What is needed: In this exercise, print only the lines of the records below from the one with "Meuble d'imprimante Acekool" through the one with "Vintage 1991 Trixter", inclusive. Pictures are not part of the copy.

Supplied records:
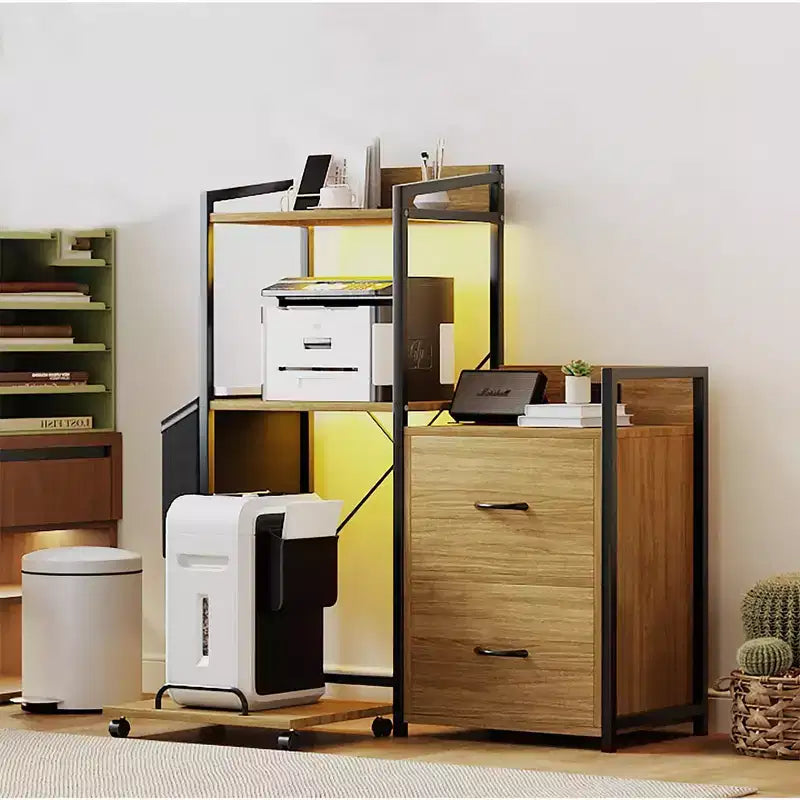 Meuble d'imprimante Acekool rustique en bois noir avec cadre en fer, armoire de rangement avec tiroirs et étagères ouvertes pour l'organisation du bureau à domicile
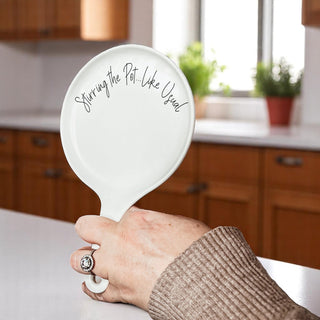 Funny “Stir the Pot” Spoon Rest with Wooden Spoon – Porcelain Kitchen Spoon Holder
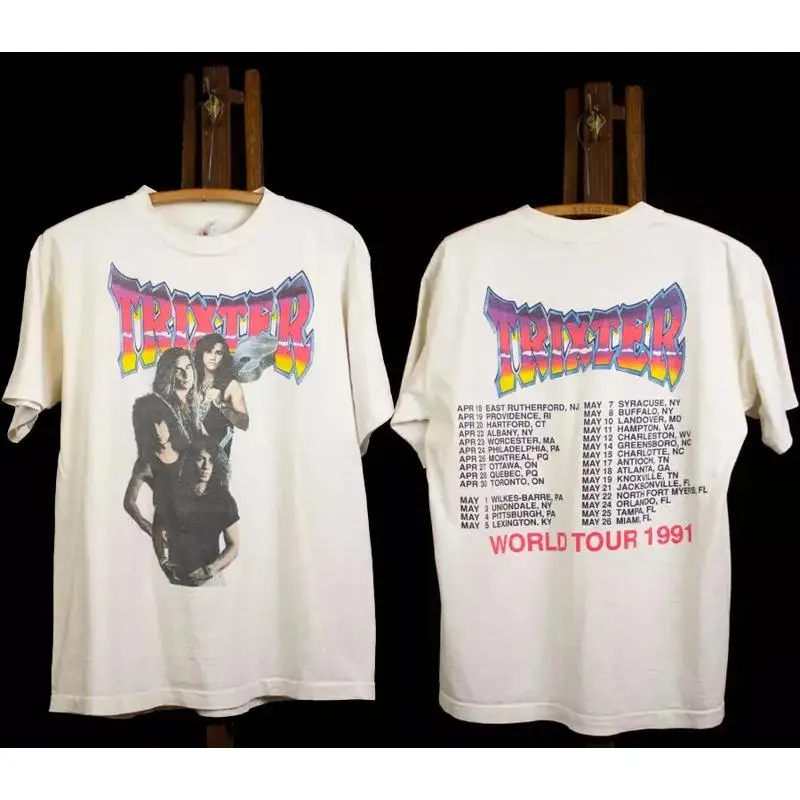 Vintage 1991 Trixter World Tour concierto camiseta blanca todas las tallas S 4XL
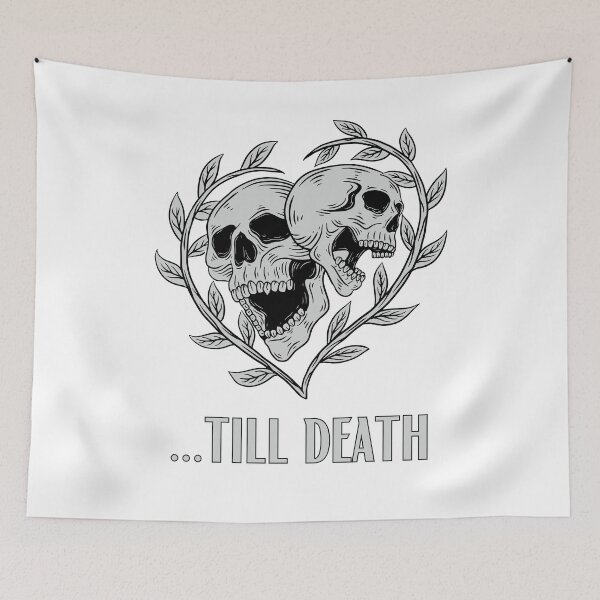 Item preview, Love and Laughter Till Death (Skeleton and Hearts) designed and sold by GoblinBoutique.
...
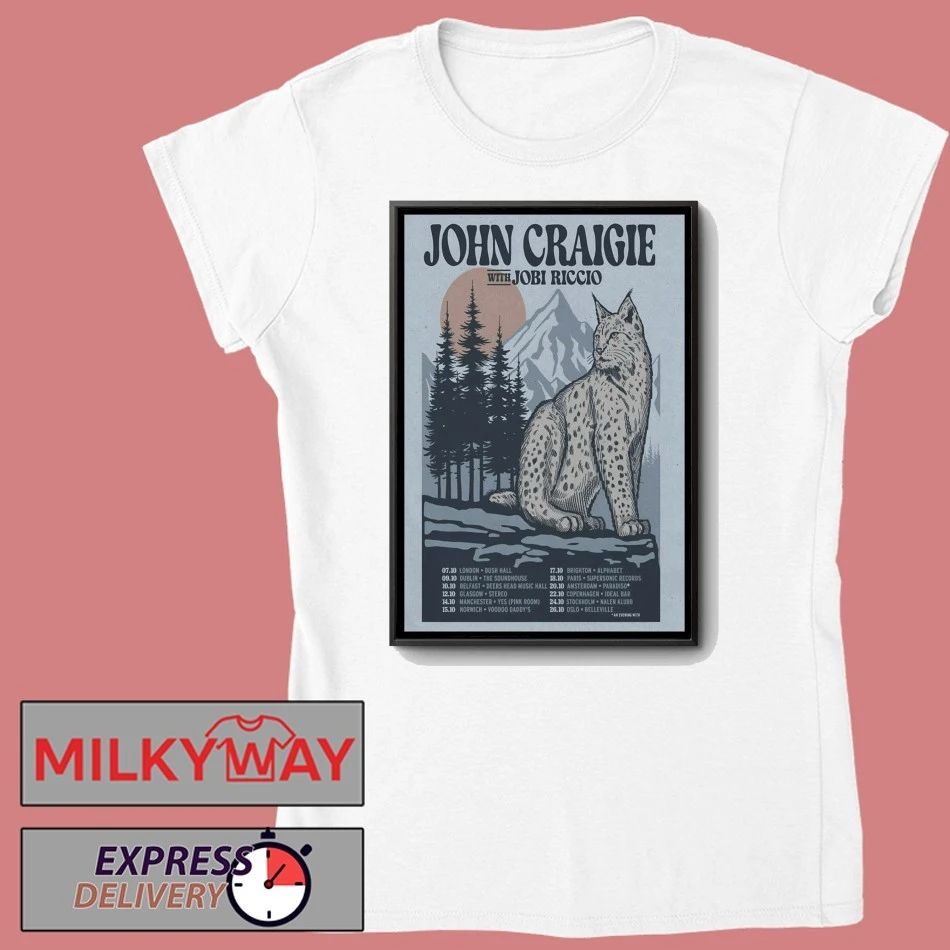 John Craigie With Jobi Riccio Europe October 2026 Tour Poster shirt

Exercise answer:
 Meuble d'imprimante Acekool rustique en bois noir avec cadre en fer, armoire de rangement avec tiroirs et étagères ouvertes pour l'organisation du bureau à domicile
 Funny “Stir the Pot” Spoon Rest with Wooden Spoon – Porcelain Kitchen Spoon Holder
 Vintage 1991 Trixter World Tour concierto camiseta blanca todas las tallas S 4XL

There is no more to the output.